It is not very often that a baseball stadium, or any sports venue for that matter can become almost as big as the franchise itself. Yet, with its ivy-covered walls, historically raucous left field bleachers of fans, the seventh inning stretch sing-a-long of Take Me Out to the Ballgame, and the rooftop seating that looms beyond the fence of the stadium, Chicago’s Wrigley Field is as big as the Cubs themselves. However, possible renovations to the famed stadium could strip part of the iconic history that has made Wrigley the Holy Grail of ballparks.
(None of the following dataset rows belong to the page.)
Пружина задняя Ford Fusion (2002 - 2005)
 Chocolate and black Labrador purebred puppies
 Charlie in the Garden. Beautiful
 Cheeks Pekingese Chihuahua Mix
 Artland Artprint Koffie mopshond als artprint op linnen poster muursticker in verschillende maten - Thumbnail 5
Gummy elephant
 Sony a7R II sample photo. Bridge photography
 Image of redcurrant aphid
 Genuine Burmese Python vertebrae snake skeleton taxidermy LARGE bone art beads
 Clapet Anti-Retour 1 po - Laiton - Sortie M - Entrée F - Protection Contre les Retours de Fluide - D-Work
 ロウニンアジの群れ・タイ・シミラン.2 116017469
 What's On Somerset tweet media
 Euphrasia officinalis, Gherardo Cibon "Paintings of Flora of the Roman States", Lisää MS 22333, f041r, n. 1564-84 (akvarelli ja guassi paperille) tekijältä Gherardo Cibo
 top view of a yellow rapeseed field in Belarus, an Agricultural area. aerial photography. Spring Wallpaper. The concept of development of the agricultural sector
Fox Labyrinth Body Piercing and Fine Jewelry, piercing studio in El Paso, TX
Alongside Boston’s Fenway Park, no other ballpark in MLB has the allure like Wrigley Field, and in an age when flashing billboards and firework displays overshadow the action that happens on the field and in the stands, Wrigley remains the quintessential baseball stadium. Very few venues in the sports world are able to boast such sentimental and old-school charm that dates back more than 100 years. Despite the Cubs’ struggles on the field, fans continue to flock to the north side of Chicago, more on a pilgrimage to the great Wrigley Field than on a journey to simply see a game of baseball. Legends are told and stories are heard throughout the country about the rollicking, Old Style drinking rowdies that fill the stands, while the ghost of Harry Carray is almost expected to thunder down from the clouds, yelling “Holy cow, Cubs win, Cubs win!” It is unquestionably one of the most legendary sports venues in the entire world, and before long, it will go through a series of renovations that could be viewed as a good thing, or bad thing, depending on the individual.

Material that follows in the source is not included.